It’s been a few months since buses started going against the flow of traffic on a small stretch of Guadalupe Street near UT Austin. The lane the buses use is painted red to denote that it’s off-limits to cars. Painting the lane require federal approval – and it wasn’t easy to get.
“You had to apply for sort of experimental status through the Federal Highway Administration, and you had to test the results of your experiment,” said Caitlin D’Alton, transit program director for the Austin Transportation Department. “Austin, among a handful of cities, was able to apply for that and have that experimental status granted.”
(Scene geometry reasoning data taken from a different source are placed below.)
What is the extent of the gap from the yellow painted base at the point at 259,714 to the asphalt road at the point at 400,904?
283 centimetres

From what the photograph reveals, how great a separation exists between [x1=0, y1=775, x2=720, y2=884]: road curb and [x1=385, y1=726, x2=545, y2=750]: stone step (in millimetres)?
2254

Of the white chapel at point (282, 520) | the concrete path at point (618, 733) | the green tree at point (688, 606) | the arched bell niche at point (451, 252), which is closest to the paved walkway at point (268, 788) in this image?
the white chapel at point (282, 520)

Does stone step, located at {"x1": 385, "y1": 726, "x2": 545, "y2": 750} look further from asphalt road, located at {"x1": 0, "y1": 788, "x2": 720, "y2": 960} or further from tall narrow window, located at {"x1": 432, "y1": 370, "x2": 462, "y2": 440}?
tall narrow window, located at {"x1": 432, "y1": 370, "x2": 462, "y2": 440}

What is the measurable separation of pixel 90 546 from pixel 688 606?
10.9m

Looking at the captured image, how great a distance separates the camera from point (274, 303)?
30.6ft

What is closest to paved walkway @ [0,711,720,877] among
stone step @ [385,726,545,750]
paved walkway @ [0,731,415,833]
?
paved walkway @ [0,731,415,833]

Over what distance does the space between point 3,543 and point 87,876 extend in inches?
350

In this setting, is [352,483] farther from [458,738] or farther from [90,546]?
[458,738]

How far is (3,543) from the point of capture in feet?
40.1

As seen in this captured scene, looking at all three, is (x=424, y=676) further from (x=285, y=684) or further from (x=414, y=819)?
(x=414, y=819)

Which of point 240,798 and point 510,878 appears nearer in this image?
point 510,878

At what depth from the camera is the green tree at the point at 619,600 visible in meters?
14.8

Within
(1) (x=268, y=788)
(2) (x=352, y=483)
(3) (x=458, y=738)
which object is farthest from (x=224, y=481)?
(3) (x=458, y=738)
More of those red lanes may be coming to Austin in the next few years, after the U.S. Department of Transportation moved in early December to streamline the process for approvals. The department pointed to the effectiveness of the markings in announcing the change.
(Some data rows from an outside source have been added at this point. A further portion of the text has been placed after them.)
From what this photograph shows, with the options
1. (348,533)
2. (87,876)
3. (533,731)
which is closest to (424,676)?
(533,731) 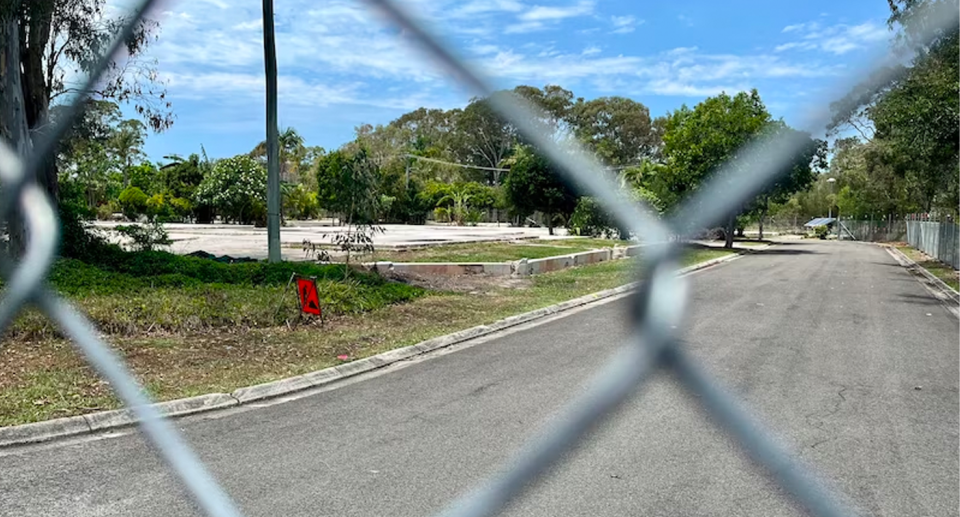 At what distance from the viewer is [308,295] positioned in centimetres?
749

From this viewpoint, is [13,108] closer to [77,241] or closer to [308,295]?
[77,241]

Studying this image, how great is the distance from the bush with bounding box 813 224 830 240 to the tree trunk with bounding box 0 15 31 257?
169 ft

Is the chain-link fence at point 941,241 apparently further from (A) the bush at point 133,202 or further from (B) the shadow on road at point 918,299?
(A) the bush at point 133,202

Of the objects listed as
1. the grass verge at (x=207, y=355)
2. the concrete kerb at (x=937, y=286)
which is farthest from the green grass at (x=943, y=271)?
the grass verge at (x=207, y=355)

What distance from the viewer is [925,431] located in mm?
4504

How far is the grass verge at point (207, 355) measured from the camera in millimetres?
4711

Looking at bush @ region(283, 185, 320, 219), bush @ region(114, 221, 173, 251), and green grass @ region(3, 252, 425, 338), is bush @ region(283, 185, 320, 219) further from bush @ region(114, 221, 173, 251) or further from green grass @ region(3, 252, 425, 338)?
green grass @ region(3, 252, 425, 338)

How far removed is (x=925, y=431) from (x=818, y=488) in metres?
1.54

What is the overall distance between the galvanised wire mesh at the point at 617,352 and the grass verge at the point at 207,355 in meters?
0.18

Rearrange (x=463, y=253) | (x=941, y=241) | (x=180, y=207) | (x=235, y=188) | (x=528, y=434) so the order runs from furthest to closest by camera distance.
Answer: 1. (x=180, y=207)
2. (x=235, y=188)
3. (x=941, y=241)
4. (x=463, y=253)
5. (x=528, y=434)

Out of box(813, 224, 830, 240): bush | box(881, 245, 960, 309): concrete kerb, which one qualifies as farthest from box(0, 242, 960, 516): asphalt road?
box(813, 224, 830, 240): bush

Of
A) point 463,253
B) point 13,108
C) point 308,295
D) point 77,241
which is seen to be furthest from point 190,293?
point 463,253

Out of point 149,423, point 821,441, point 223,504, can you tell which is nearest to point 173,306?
point 149,423

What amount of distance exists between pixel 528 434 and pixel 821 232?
5286 cm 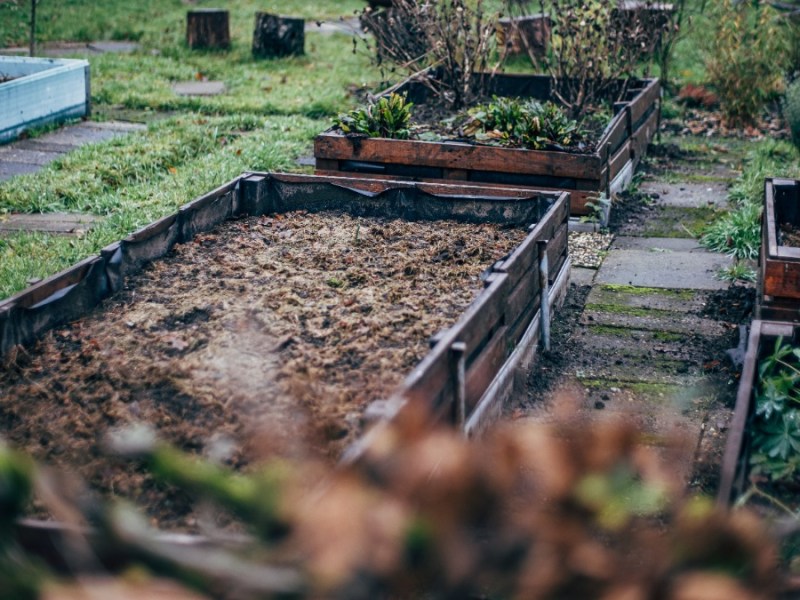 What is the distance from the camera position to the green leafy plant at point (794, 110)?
9.10m

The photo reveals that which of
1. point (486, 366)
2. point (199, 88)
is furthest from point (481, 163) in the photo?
point (199, 88)

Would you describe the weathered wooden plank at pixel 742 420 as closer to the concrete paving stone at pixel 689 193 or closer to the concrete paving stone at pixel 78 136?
the concrete paving stone at pixel 689 193

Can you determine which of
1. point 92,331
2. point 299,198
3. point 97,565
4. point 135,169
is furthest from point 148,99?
point 97,565

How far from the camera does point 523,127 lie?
7.54m

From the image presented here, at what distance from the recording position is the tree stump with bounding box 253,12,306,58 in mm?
13734

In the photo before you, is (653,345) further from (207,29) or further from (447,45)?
(207,29)

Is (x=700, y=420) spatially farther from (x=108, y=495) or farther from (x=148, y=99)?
(x=148, y=99)

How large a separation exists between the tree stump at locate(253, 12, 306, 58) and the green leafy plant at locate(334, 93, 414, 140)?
21.4 ft

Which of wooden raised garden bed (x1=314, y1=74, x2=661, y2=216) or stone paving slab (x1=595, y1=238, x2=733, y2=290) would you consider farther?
wooden raised garden bed (x1=314, y1=74, x2=661, y2=216)

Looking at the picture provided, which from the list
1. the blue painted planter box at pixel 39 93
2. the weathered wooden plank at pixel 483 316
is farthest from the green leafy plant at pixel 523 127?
the blue painted planter box at pixel 39 93

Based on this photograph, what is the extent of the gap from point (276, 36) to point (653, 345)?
984 cm

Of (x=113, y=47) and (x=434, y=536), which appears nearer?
(x=434, y=536)

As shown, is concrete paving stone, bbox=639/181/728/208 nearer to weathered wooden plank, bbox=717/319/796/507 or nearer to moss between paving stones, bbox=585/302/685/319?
moss between paving stones, bbox=585/302/685/319

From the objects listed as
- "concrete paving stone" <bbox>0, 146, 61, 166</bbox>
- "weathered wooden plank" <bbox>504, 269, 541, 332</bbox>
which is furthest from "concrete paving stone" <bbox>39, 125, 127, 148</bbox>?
"weathered wooden plank" <bbox>504, 269, 541, 332</bbox> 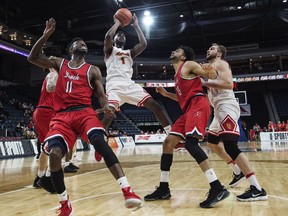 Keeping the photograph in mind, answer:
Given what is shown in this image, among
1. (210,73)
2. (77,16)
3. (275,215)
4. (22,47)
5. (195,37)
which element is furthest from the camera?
(195,37)

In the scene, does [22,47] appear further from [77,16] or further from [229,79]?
[229,79]

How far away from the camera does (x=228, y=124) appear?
363 centimetres

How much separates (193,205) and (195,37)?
2735 centimetres

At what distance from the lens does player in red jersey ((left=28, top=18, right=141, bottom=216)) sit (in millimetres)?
2645

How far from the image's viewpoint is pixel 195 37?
2889 centimetres

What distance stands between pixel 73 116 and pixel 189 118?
4.36 feet

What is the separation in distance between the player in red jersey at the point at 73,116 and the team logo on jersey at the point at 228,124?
1548 millimetres

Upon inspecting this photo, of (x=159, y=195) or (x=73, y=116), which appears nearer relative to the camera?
(x=73, y=116)

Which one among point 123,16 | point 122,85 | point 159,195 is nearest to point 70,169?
point 122,85

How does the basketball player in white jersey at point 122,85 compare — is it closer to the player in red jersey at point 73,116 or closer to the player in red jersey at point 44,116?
the player in red jersey at point 44,116

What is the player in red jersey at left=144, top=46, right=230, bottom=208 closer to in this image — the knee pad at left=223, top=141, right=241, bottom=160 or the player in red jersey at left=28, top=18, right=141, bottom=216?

“Positive operational effects have been noted in the experiments including the reduction of illegal occupancy of transit lanes by non-transit vehicles, travel time of transit vehicles, and illegal parking in transit lanes,” Martin C. Knopp, associate administrator for operations, wrote in a memo outlining the changes. “Experimental results also showed that the red-colored pavement did not induce drivers of private vehicles to make turns from the incorrect lane.”
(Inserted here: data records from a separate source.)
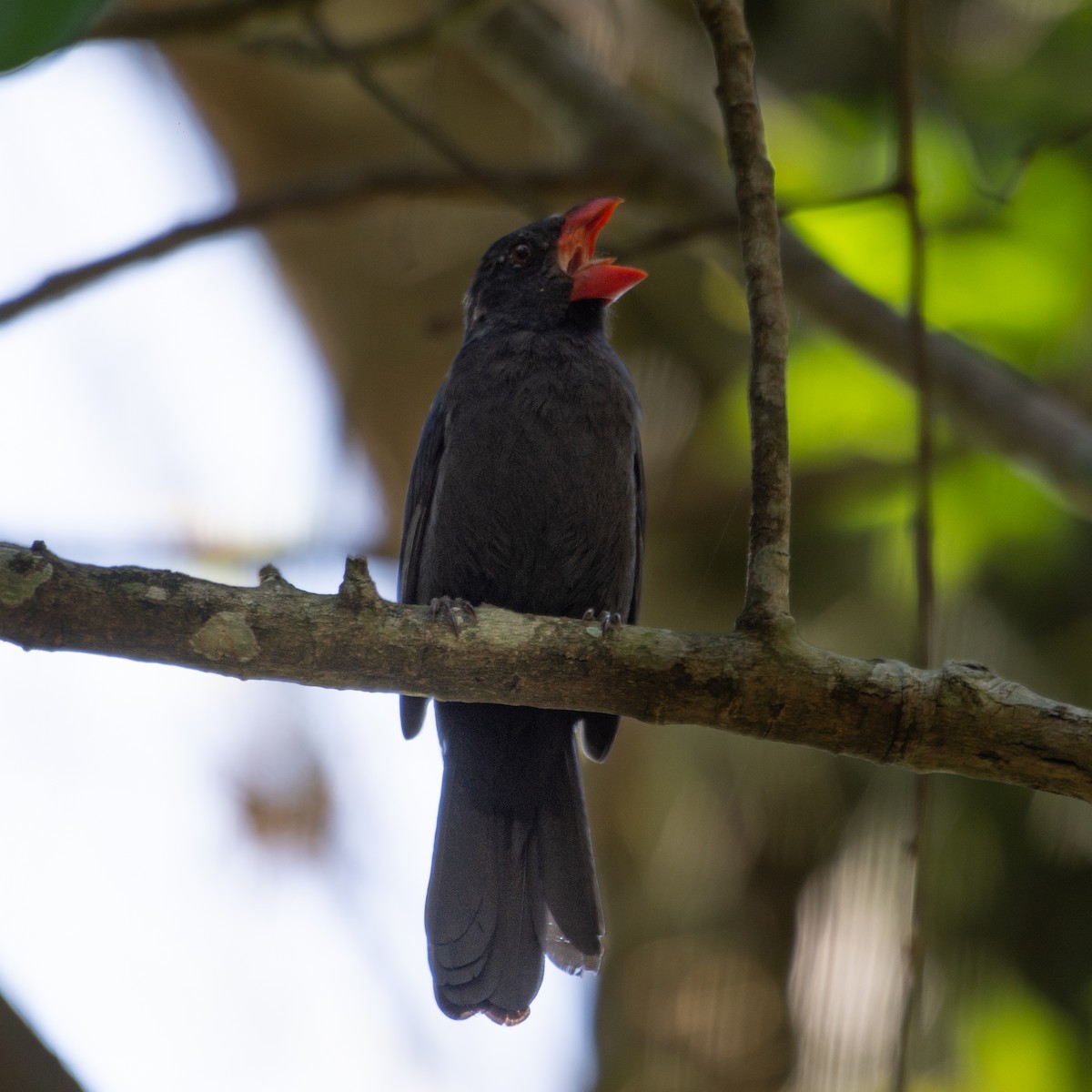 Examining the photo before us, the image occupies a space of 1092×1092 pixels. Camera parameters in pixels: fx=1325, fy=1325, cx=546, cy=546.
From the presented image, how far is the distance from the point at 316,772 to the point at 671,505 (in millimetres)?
3038

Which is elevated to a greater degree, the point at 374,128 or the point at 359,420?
the point at 374,128

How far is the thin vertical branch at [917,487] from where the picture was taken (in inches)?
126

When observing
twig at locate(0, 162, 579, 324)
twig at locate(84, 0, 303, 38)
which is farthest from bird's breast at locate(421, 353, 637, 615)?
twig at locate(84, 0, 303, 38)

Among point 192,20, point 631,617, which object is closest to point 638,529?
point 631,617

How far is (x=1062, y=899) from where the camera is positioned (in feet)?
18.0

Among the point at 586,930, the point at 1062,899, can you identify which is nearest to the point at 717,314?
the point at 1062,899

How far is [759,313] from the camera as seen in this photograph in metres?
3.15

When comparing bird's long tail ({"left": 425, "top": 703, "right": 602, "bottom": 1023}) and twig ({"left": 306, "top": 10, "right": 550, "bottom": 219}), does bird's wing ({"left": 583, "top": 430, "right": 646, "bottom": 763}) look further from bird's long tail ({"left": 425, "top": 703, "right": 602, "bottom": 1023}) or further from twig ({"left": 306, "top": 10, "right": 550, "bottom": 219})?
twig ({"left": 306, "top": 10, "right": 550, "bottom": 219})

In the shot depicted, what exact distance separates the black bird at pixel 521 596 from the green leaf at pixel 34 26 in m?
1.85

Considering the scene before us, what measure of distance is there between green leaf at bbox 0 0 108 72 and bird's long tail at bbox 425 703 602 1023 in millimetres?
2288

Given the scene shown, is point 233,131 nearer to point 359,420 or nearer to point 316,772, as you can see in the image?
→ point 359,420

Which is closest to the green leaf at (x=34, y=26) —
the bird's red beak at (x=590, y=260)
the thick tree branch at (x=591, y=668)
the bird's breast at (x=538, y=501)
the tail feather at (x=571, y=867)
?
the thick tree branch at (x=591, y=668)

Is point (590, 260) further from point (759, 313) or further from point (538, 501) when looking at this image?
point (759, 313)

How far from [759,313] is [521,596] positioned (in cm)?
130
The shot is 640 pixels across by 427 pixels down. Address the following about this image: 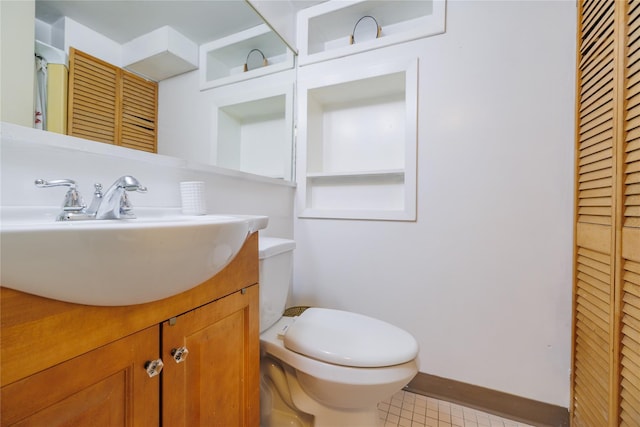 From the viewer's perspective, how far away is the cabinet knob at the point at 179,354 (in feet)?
1.72

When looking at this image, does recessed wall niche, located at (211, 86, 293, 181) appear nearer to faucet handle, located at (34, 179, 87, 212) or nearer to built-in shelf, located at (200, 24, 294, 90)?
built-in shelf, located at (200, 24, 294, 90)

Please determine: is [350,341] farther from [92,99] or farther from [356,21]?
[356,21]

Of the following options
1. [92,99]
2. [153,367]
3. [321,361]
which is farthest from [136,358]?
[92,99]

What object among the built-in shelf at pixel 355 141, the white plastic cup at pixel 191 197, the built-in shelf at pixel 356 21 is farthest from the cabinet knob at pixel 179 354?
the built-in shelf at pixel 356 21

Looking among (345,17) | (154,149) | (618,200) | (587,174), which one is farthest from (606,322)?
(345,17)

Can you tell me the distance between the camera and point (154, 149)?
885 mm

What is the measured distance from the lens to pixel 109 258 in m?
0.35

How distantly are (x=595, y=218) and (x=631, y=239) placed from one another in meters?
0.23

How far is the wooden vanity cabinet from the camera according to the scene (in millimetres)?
336

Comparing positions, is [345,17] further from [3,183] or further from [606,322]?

The current red transit lane on Guadalupe has been in use since August, and officials said it has helped to reduce delays for buses heading northbound to the UT campus. Dalton said they’re examining the effectiveness of the paint itself in considering what to use if other lanes are marked.
“We found that a lot of the cities we reached out to that have used red paint in the past are in other regions of the country that have a different climate than Austin,” Dalton said.
She said the red paint gets dirty and officials are looking into whether there are other products they could use instead.
Dalton said there’s no specific plans at the moment for new lanes, but the city would work with Capital Metro to determine where they should go.